Noah's implants make for a wonderful Christmas
An "absolutely incredible" community effort has resulted in $62,500 being raised for 10-month-old Timaru boy Noah Valentine's cochlear implants.
It's $12,500 more than the family needed, and that extra money will go back to the community groups who donated it, so someone else may benefit.
"The Lions said it was the first time money donated has ever been given back," mother Sara Valentine said.
The target sum was reached in only 31 days.
"We knew we'd get there, but to have it happen in that space of time was pretty overwhelming. It hasn't hit home yet," father Matt Valentine said.
The Valentines said they had a very happy Christmas, safe in the knowledge that they had the funds for Noah's double-cochlear implant operation.
"It was a relief - in a good way. If you believe something is going to happen, it does," Sara Valentine said.
The bulk of the funding came from a multitude of individual donations, which the Valentines believe is testament to "incredible community spirit".

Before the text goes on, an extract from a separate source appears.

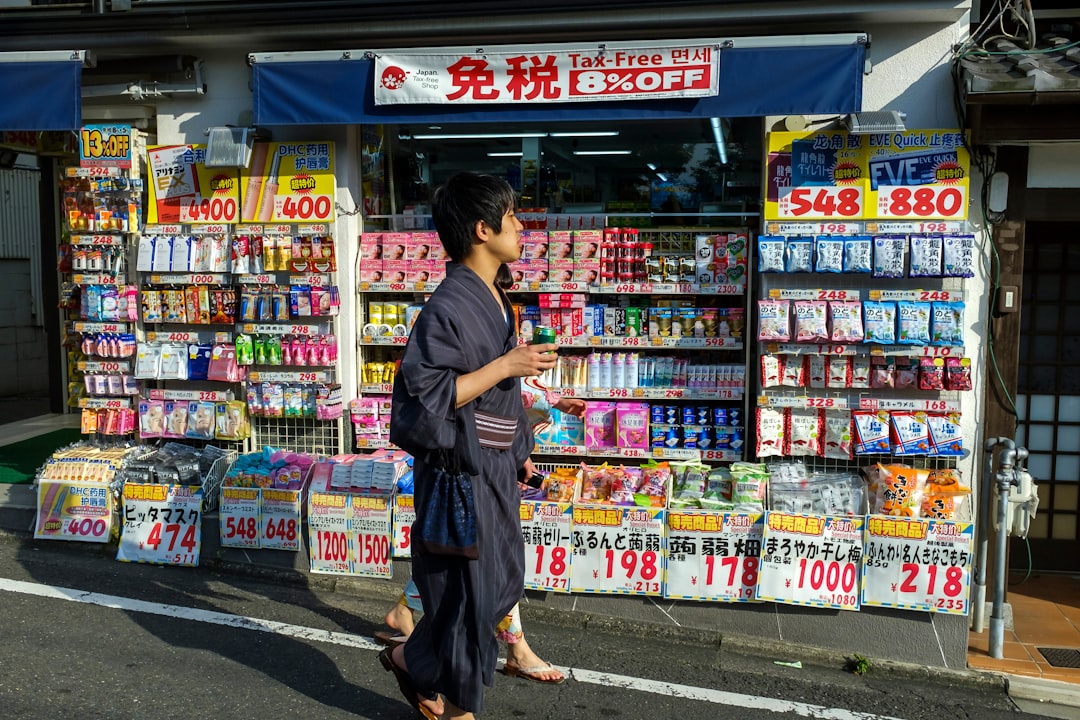 :prescription medicine and passport prepared for travel to japan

"When I was banking cheques, the woman at the bank said it restores your faith in humanity, and that's a really good way to put it. Sometimes people think that sense of community is lost until something like this happens; then people get behind you and pull together," she said.

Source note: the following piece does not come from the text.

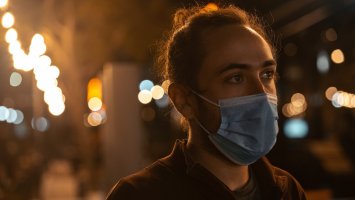 A man wearing a face mask out in the city in the evening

The Looking production by the Geraldine Players raised $8500, and auctions, a family photo day and other ventures, combined with $20,000 from the givealittle website, meant the funds were raised. New Zealand is the last country in the First World where the Government funds only one cochlear implant.
Noah will have his operation on January 23, and the implants will be turned on on Valentine's Day.
In recognition of the community effort, the Valentines are planning on filming Noah when he hears for the first time.
"People have done some really lovely things, and we're just so thankful," Sara Valentine said.
"So many people have been supporting us, we think it's important to share it and let other people be part of it. It's only right to let them see the story through."